Keynote 2
30 Years of Perplexity
Computational linguists have been trying for decades to accurately predict the next word in running text. Why were they so determined to succeed at this strange task? How did they track their successes (and failures)? Why was the word-prediction task at the center of early statistical work in text compression, code-breaking, machine translation, and speech recognition? Will word prediction lead to artificial general intelligence (AGI)? I’ll attempt to answer these questions with formulas and anecdotes drawn from three decades of research in various fields.
by Kevin Knight
Dr. Kevin Knight served on the faculty of the University of Southern California (26 years), as Chief Scientist at Language Weaver, Inc. (9 years), and as Chief Scientist for Natural Language Processing at Didi Global (4 years).

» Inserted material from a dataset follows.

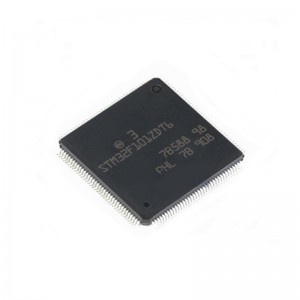 I-STM32F101ZDT6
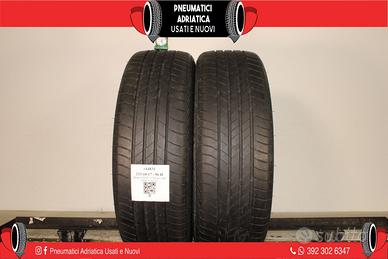 2 Gomme 215 60 R 17 Bridgestone al 69% SPED GRATIS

He received a PhD in computer science from Carnegie Mellon University and a bachelor’s degree from Harvard University. Dr. Knight’s research interests include machine translation, natural language generation, automata theory, decipherment of historical documents, and number theory. He has co-authored over 150 research papers on natural language processing, as well as the widely adopted textbook “Artificial Intelligence” (McGraw-Hill). Dr. Knight served as President of the Association for Computational Linguistics (ACL) in 2011, as General Chair for ACL in 2005, as General Chair for the North American ACL (NAACL) in 2016, and as co-program chair for the inaugural Asia-Pacific ACL (2020). He received an Outstanding Paper Award at NAACL 2018, and Test-of-Time awards at ACL 2022 and ACL 2023. He is a Fellow of the ACL and a Fellow of the Association for the Advancement of Artificial Intelligence (AAAI).